Jarosław Kaczyński wyszedł ze szpitala. O kulach i w obstawie ochroniarzy

Jarosław Kaczyński wyszedł ze szpitala - podaje "Super Express", który publikuje też zdjęcia. Prezes PiS przebywał w Wojskowym Instytucie Medycznym przy ul. Szaserów w Warszawie, gdzie przeszedł operację wszczepienia endoprotezy kolana. Z placówki polityka odebrali ochroniarze, którzy odwieźli go do domu na Żoliborzu.

Jarosław Kaczyński  przebywał w szpitalu od trzech tygodni. Prezes PiS przeszedł operację wszczepienia endoprotezy stawu kolanowego. Drugą już taką - pierwsza miała miejsce w 2019 roku. Jak podaje "Super Express", lider Prawa i Sprawiedliwości miał zostać wypisany w środę, jednak szpital opuścił w czwartek 5 stycznia.
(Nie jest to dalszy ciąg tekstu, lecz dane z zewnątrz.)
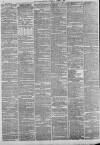 Leeds Mercury Thursday 04 August 1881 Page 2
Zobacz wideo Czy rząd PiS "uległ szantażowi" UE? Cymański: Nie wiem, czy uległ, bo nie znam szczegółów

Jarosław Kaczyński wyszedł ze szpitala. Prezes PiS poruszał się o kulach

Według informacji gazety, prezesa PiS ze szpitala odebrali ochroniarze. Pomogli mu wyjść z budynku i wsiąść do samochodu. Na zdjęciach widać, że Jarosław Kaczyński ma poważne problemy z poruszaniem się. Placówkę opuścił przy pomocy kul ortopedycznych. 

"Zanim ochrona ruszyła limuzyną do domu polityka na warszawskim Żoliborzu, trzeba było zapakować rzeczy prezesa. A było tego sporo. Jarosław Kaczyński oprócz torby z prywatnymi rzeczami dostał także wiele podarków świątecznych" - relacjonuje "SE".

Więcej informacji z kraju i ze świata na stronie głównej Gazeta.pl

Prezes PiS wraca do aktywnej polityki. "Za miesiąc ruszamy do boju"

Prezes Jarosław Kaczyński do aktywnej polityki ma wrócić na przełomie stycznia i lutego - Za miesiąc ruszamy do boju z prezesem, aby wygrać po raz trzeci wybory parlamentarne. Przed prezesem PiS jeszcze objazd 35 okręgów. Jarosław Kaczyński się kurował, przechodził rehabilitację. Wszystko po to, aby w jak najlepszej formie i kondycji fizycznej ruszyć na przełomie stycznia i lutego do boju - mówił we wtorek Ryszard Czarnecki w rozmowie z "Super Expressem".

Jarosław Kaczyński w szpitalu, a w PiS-ie "rozpierducha"

Nieobecność Jarosława Kaczyńskiego spowodowała spore zamieszanie w Zjednoczonej Prawicy. Nikt nie potrafił zapanować nad chaosem wśród polityków partii rządzącej. Głównym tematem sporów była oczywiście ustawa o Sądzie Najwyższym oraz pieniądze z KPO.

Jedna z osób, z którymi rozmawiał dziennikarz Gazeta.pl Jacek Gądek, sytuację w Zjednoczonej Prawicy nazwała wprost: "rozpierducha - I ona się nakręca, bo prezes nie kontroluje teraz wszystkiego."

Do tego doszedł kolejny zgrzyt. Tym razem o występ zespołu Black Eyed Peas podczas "Sylwestra Marzeń w TVP. "Ziobryści przebąkują wręcz o dymisji prezesa TVP Mateusza Matyszkowicza. - Aż przegrzewają - słyszymy w obozie rządzącym. Solidarna Polska ma z następcą Jacka Kurskiego na Woronicza na pieńku, bo Matyszkowicz nie wycina już premiera z "Wiadomości", a wręcz go promuje" - pisał Jacek Gądek.

"Słowem: wojenka wewnątrz samego PiS, między Solidarną Polską a PiS i jeszcze z prezydentem. A wisienką na tym torcie jest batalia o tęczowe opaski muzyków" - pisał dziennikarz Gazeta.pl.